グループ展『第9回 菜々燦会展』は、7月20日(日)をもって無事に閉幕いたしました。会期前半は不安定な天候にやきもきしましたが、後半には夏日が戻りましたね。そんな中、遠方からも足を運んでくださった多くの皆様に、心より感謝申し上げます。観客の方の眼に触れることで、作品と私自身に刺激を受け、多くを学ぶことができました。
この六日間の展示期間は、私にとって、作品を「発表する」という枠を超え、アーティストとしての自己を深く見つめ直し、次への「設計図」を描くための貴重な時間となりました。
「いい負荷」がもたらした、かけがえのない「収穫」
会期中のブログでもお話ししてきましたが、今回の展覧会で私が得た最も大きなものは、まさに「いい負荷」という名の「収穫」でした。
それは、時に悔しさや反抗心といった負の感情を伴うものでしたが、心理学でいう「昇華(Sublimation)」のプロセスを経て、私の創作における不可欠な「栄養源」へと転じました。

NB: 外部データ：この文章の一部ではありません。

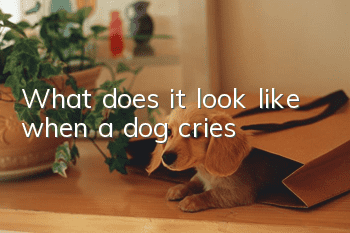 What does it look like when a dog cries?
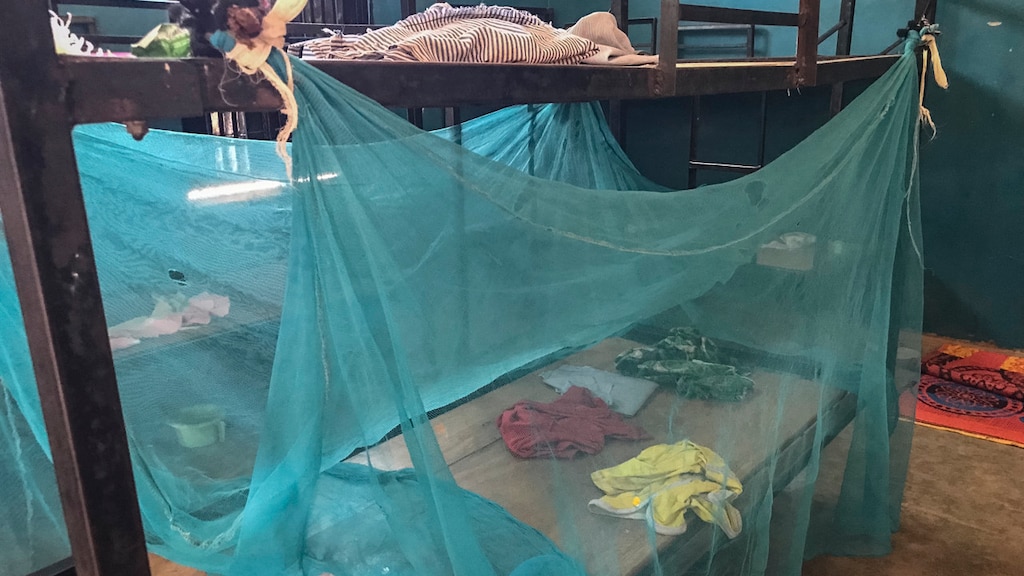 Vijftig ontvoerde scholieren in Nigeria afgelopen dagen ontsnapt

美術史を紐解けば、多くの偉大な芸術家たちが、内面の葛藤を作品に込め、普遍的な表現へと昇華させてきた歴史があります。私もまた、この経験を通じて、自身の表現の深みが増したと実感しています。
特に、柏壁市民センターという公共施設の特性を踏まえた作品展開を考えたことは、私にとって多角的な視点をもたらしました。作品と空間の相性、鑑賞者の無意識の動線、そして特定の作品に寄せられる反応――これらは、アトリエでの制作だけでは決して見えなかった、生きた産物です。

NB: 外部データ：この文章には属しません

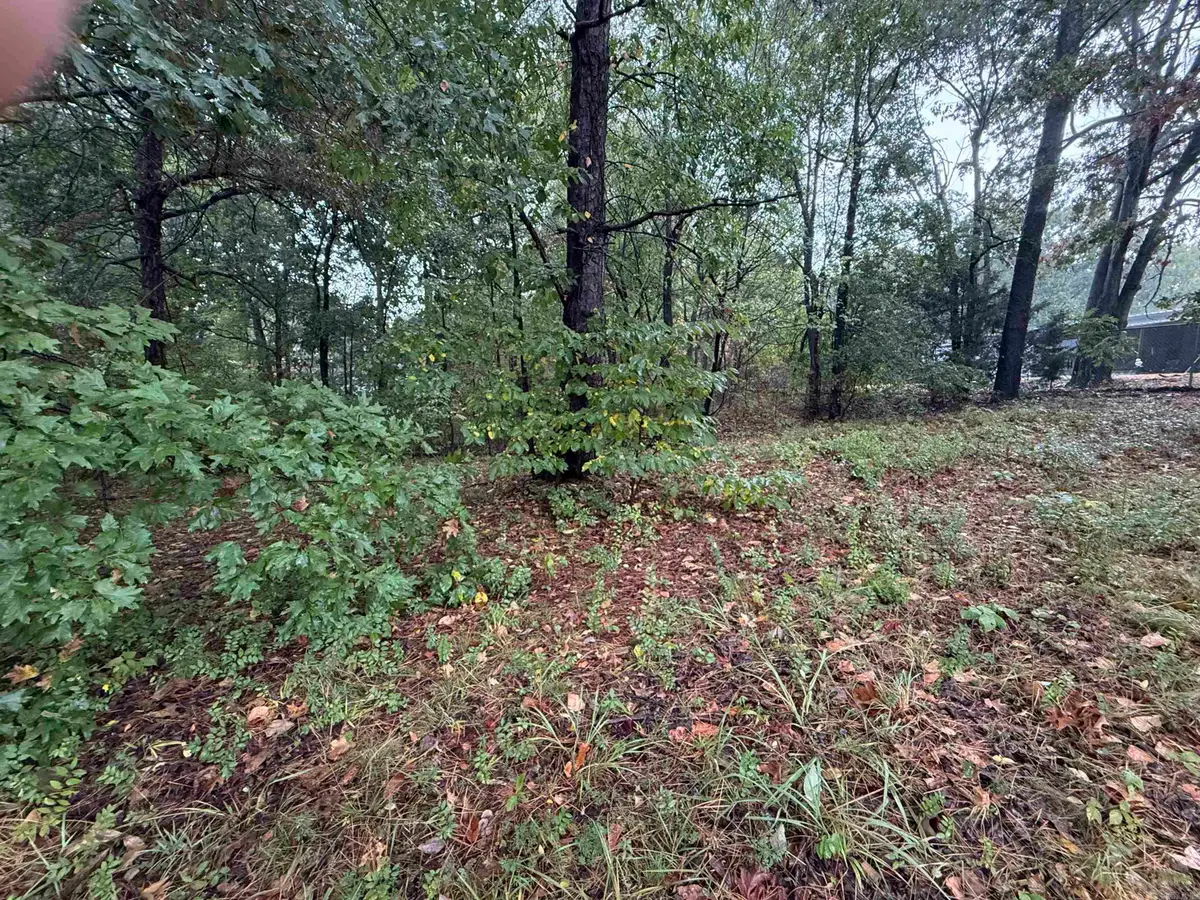 000 Mountain Home Rd, Paragould, AR 72450 - #1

小作品24点と中作品12点を一体化させ、色彩を統一して群として見せた試み。そして、去年の鑑賞者の期待を裏切るモノクロ作品からの「冒険」としての試行は、今後の私の作品制作において、構図、色彩、素材の選定、そして空間との関係性を再考するための具体的なヒントとなりました。
「作品を露出する」ことの真意と、新たな視点
作品を露出することは、単に描いたものを提示するだけではありません。それは、作品の背景にあるものや、作家の私的な経験や問い、そして社会が外界を見る眼を、より深く表現するための行為だと私は考えています。言葉にできないものを絵としてビジュアルに訴えるだけではなく、テキストによって内容を深めること、そして会場の選定そのものが作品世界に影響を与えるものだと、今回の経験を通して再認識しました。
会期中には、何人かの方々が作品のストーリーを辿るように、キャプションと共に鑑賞する姿を見ることができました。鑑賞者の中には絵画を制作している方や、アートを深く愛する方、社会性のあるテーマに関心のある方との対話が、私の思索をさらに深めてくれました。
一方で、コンセプチュアルなテーマがある場合に、絵画というオーソドックスなメディアで訴えることの必要性について、もっとよく考えなければという想いを抱きました。作品が持つメッセージが確かに伝わったことも実感しましたが、絵画でなくてもメッセージを伝える手段や作品がある可能性についても視野を広げ、今後新たな選択肢を探ることもしていきたいと考えています。
この直接的な対話から得られたインスピレーションは、今後の私の創作において、鑑賞者との関係性をより深く追求するための大切な指針となるはずです。
会場での「眼差し」の対話:ポートレート制作の記憶
今回の展覧会で初めて試みた、会場での墨によるポートレート制作は、私にとって特に印象深い体験となりました。ライブパフォーマンスとしてこの試みにご依頼くださった皆様、本当にありがとうございました。
実際にその場で筆を動かすと、絵を描き始めた頃、高校生だった自分の感覚が鮮やかに蘇ってきました。人の持つ雰囲気やスペース(余白)、静謐さ、そして滲み出る内面や、詩的な表情を、一秒ごとに切り取るように何枚か早描きしました。この「枚数を重ねることで目の前の人に迫り、掘り下げる」という過程は、私がこれまで培ってきた制作の根本と通じるものです。描いた3~4枚の中から、ご本人に気に入ったものを選んでいただく時間も、私にとっては特別な対話となりました。
次なる舞台「個展」へ、そして「劇場型アート」の可能性
今回のグループ展で得られたすべての学びと気づきは、私の次なる大きな目標である「個展」へと確実に繋がっています。
「いい負荷」を通して見えてきた「心地よい場や相性のいい空間を求める一方で、それができない場でどう作品を見せていくか」という視座の広がりは、私の現代アートが、空間を丸ごと作品化するような、より没入的な「劇場型」の方向に向かう可能性を強く示唆しています。
個展では、私が今感じているこれらの「気づき」や「問い」を、より深い形で具現化し、皆様にお届けしたいと願っています。今回の経験は、その個展の構想を練り、私の作品とその方向性について再考する余地をたくさん残してくれました。
この展覧会での経験を、未来の作品へと繋ぎ、これからも「予想を裏切るアーティスト」として、皆様に新たな表現をお届けできるよう精進してまいります。